Making sure calf housing is adequately ventilated with a constant flow of air is important. This will eliminate the amount of dust, contaminants, and pathogens that calves are exposed to, thereby reducing the risk of respiratory diseases such as pneumonia.

Adequate ventilation will also keep the environment at an ambient temperature and prevent calves from having to use valuable energy to keep warm. However, we should avoid air flow greater than 0.5 metres per second as this can cause calves to become too cold.


Bedding should be kept as dry as possible, as exposure to high levels of ammonia (<25 parts per million) can irritate calves’ mucous membranes and leave them more vulnerable to respiratory disease.

Straw is an ideal material for calf bedding, especially in the winter, as calves can nestle into it. This helps them to keep warm, meaning they are less susceptible to disease, and more likely to hit target growth rates.

Use the nesting score scale to help determine how much straw to provide your calves with. Aim for a nesting score of three, where calves’ legs are completely covered when lying down.

Nesting score scale

nesting score

Avoid blowing straw or sawdust into calf housing as this creates dust which can irritate the respiratory tract and mucous membranes. This irritation can lead to permanent lung damage and increase the risk of respiratory disease.


It is important to consider the drainage within calf sheds or pens. Ideally, flooring should be pitched at a 5% gradient to allow urine and water to freely drain away. The more moisture that is retained in the building, the more heat will be drawn out and the colder the building will feel.


Calf coats can be used to keep calves warm in colder weather.

Consider using coats on newborn to one week old calves when temperatures are below 12oC. At this temperature and below, young calves will start to use valuable energy to keep warm, preventing growth and development.

For older calves, a farm protocol should be agreed on when coats should be used e.g. after three consecutive nights below 10oC.

Top tip: Make sure calves are dry before putting coats on and that they are cleaned from previous use. Jackets should also be taken off in the morning, once temperatures allow, rather than the afternoon. This is to allow calves to acclimatise to temperatures without the jacket, whilst the temperatures are typically higher than they are at night.


On-farm livestock biosecurity protocols are especially important when it comes to calves to reduce disease incidence and poor performance. Three key areas to consider are:


Make sure farms have established on-farm biosecurity protocols which all staff follow.
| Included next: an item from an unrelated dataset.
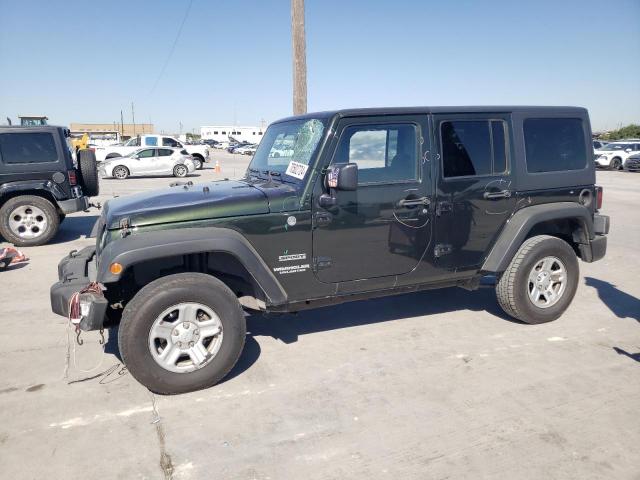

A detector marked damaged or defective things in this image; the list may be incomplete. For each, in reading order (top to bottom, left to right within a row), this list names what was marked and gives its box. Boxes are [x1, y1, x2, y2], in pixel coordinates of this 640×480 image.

damaged front bumper [50, 248, 108, 330]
Additionally, remember bacteria can be brought into calf housing via boots, hands, and clothes. Boots and hands should therefore be washed and disinfected and, ideally, clothes changed or overalls worn before dealing with calves after being with other cattle.
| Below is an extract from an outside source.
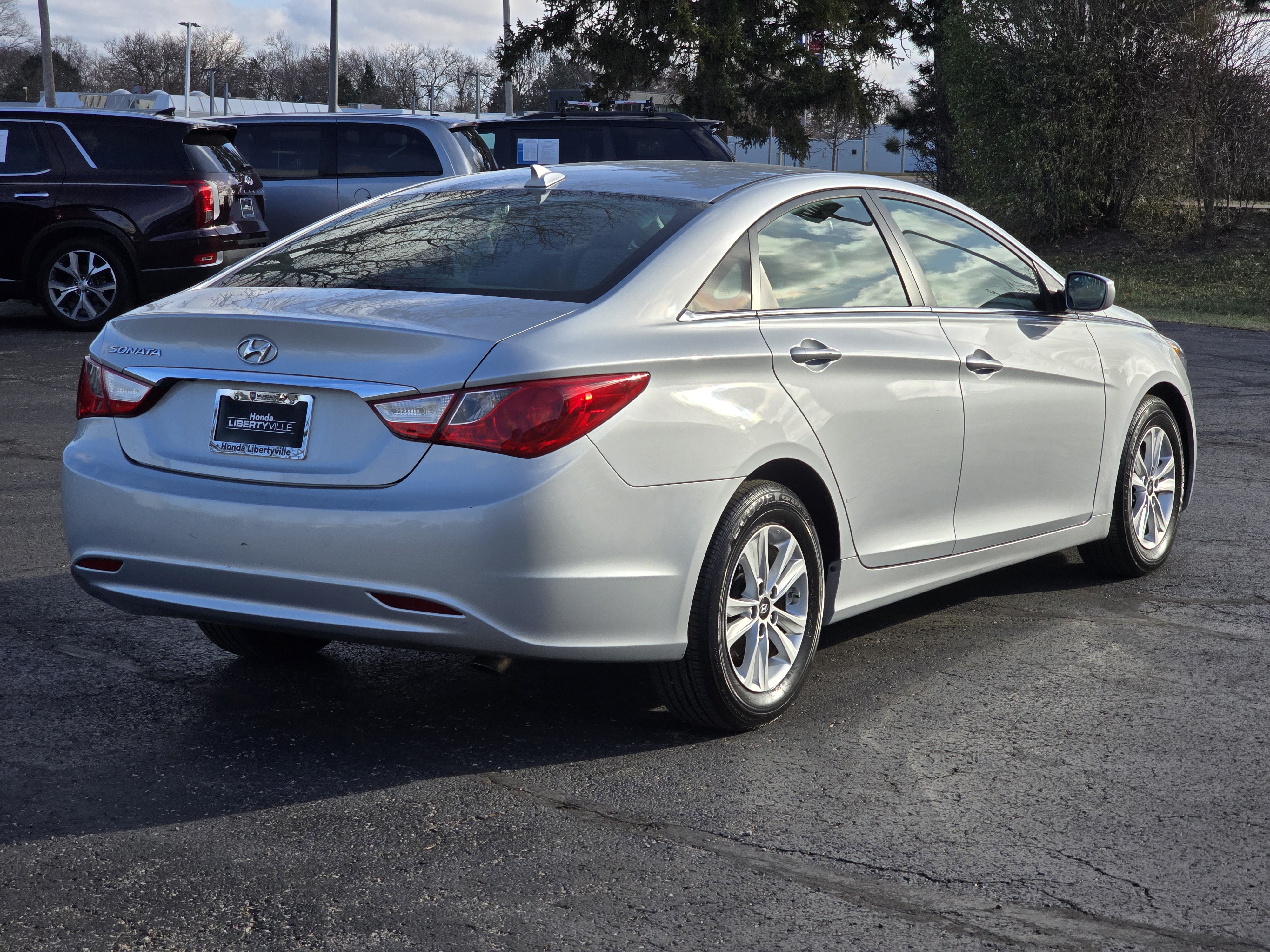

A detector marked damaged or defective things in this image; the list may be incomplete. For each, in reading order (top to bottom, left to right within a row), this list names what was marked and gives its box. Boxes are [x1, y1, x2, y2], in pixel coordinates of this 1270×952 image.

cracked pavement [0, 300, 1265, 952]
crack in asphalt [485, 777, 1270, 952]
Feed buckets should be cleaned and disinfected after use to minimise a build-up of bacteria. Here is an example of an equipment cleaning routine:

  • RINSE: Use water at 32-38oC to remove dirt and milk residues. Do not rinse with HOT water. This causes proteins and fats to stick to surfaces, creating a breeding ground for bacteria
  • SOAK: Use hot water 54-57oC mixed with chlorinated alkaline detergent (hypo chloride) for 20-30 minutes each time
  • SCRUB: Use long handled brushes and gloves to remove any remaining residue
  • WASH: The water must be higher than 49oC, to remove the residue scrubbed off
  • RINSE: Use acid sanitiser (peracetic acid) as this lowers the environment pH to prevent remaining bacteria growing
  • DRY: Moist conditions are ideal for bacterial growth, so raise the equipment onto drying racks to allow drainage. Hang stomach tubes vertically to drain out. DON’T stack buckets or leave to dry upside down on concrete floors


Pens should be cleaned, disinfected, and bedded regularly, ideally between changes in calves.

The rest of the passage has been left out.